Página 1 de 1

Pela produção de efeitos do artigo 35º do CSC

MensagemEnviado: 25/8/2004 8:53
por Alfred E. Neuman
Francisco Ferraz de Carvalho

http://www.negocios.pt/default.asp?CpContentId=247120

O artigo 35.º do CSC dispõe que as empresas que percam mais de metade do seu capital social e não regularizem esta situação no exercício seguinte sejam automaticamente dissolvidas.

Tem sido noticiado pela imprensa a pressão exercida por algumas associações sobre o Governo no sentido de adiar a produção dos efeitos do artigo 35.º do Código das Sociedades Comerciais («CSC»). Esta medida justificar-se-ia, segundo as mesmas notícias, pelas consequências negativas que a aplicação do artigo 35.º do CSC teria no tecido empresarial português, uma vez que provocaria a dissolução de milhares de empresas.

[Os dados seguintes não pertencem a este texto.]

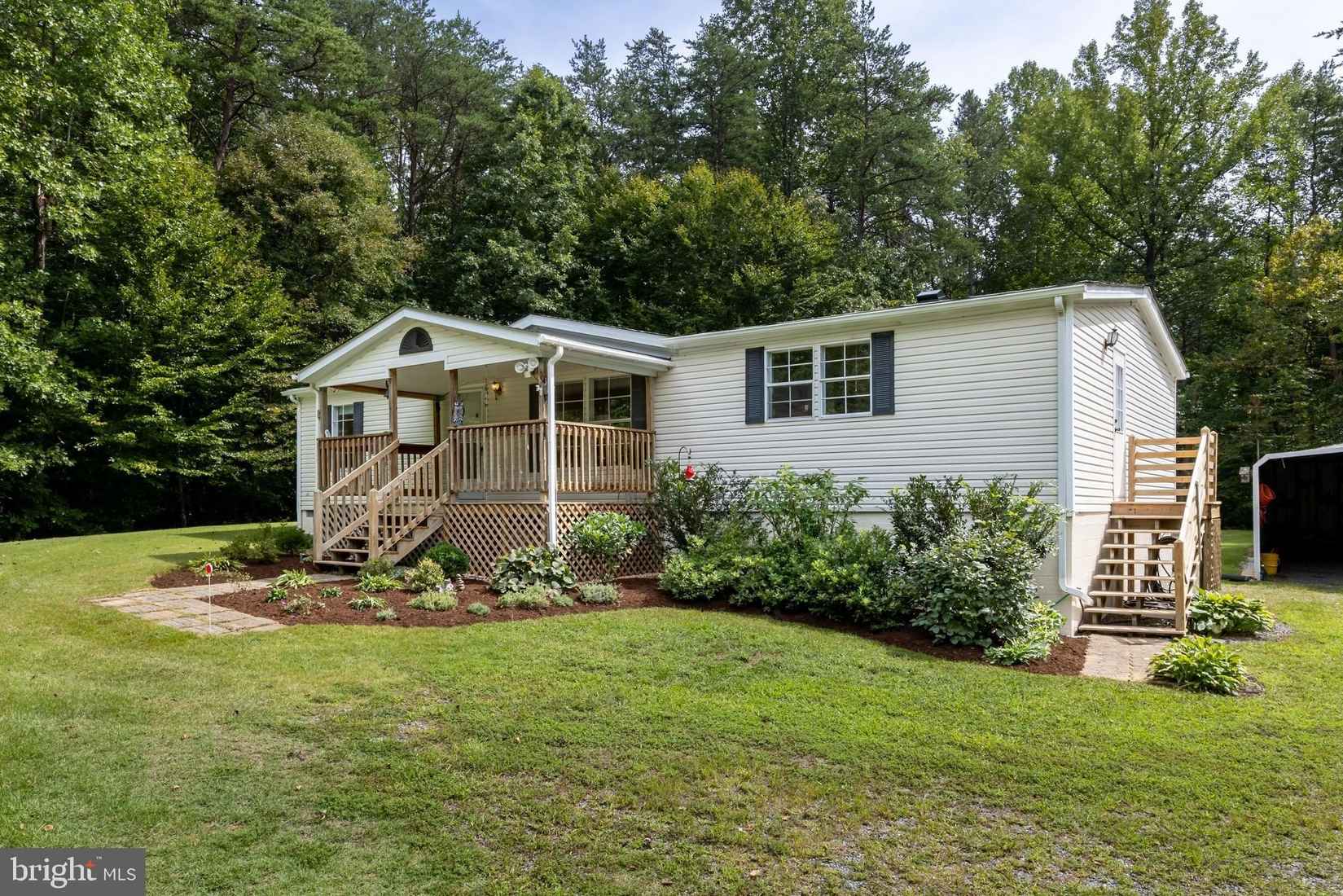 107 GREENWOOD FARMS Ct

Para analisarmos o mérito desta argumentação, é importante esclarecer o sentido do preceito em causa. O artigo 35.º do CSC dispõe que as empresas que percam mais de metade do seu capital social e não regularizem esta situação no exercício seguinte ao da verificação da perda sejam automaticamente dissolvidas. O objectivo da norma, nas palavras do legislador, é o de requalificar o tecido empresarial português, promovendo o saneamento das empresas viáveis e a cessação das que não sejam, e cuja existência é mantida, muitas vezes, «por razões alheias aos objectivos de criação de riqueza do sector empresarial».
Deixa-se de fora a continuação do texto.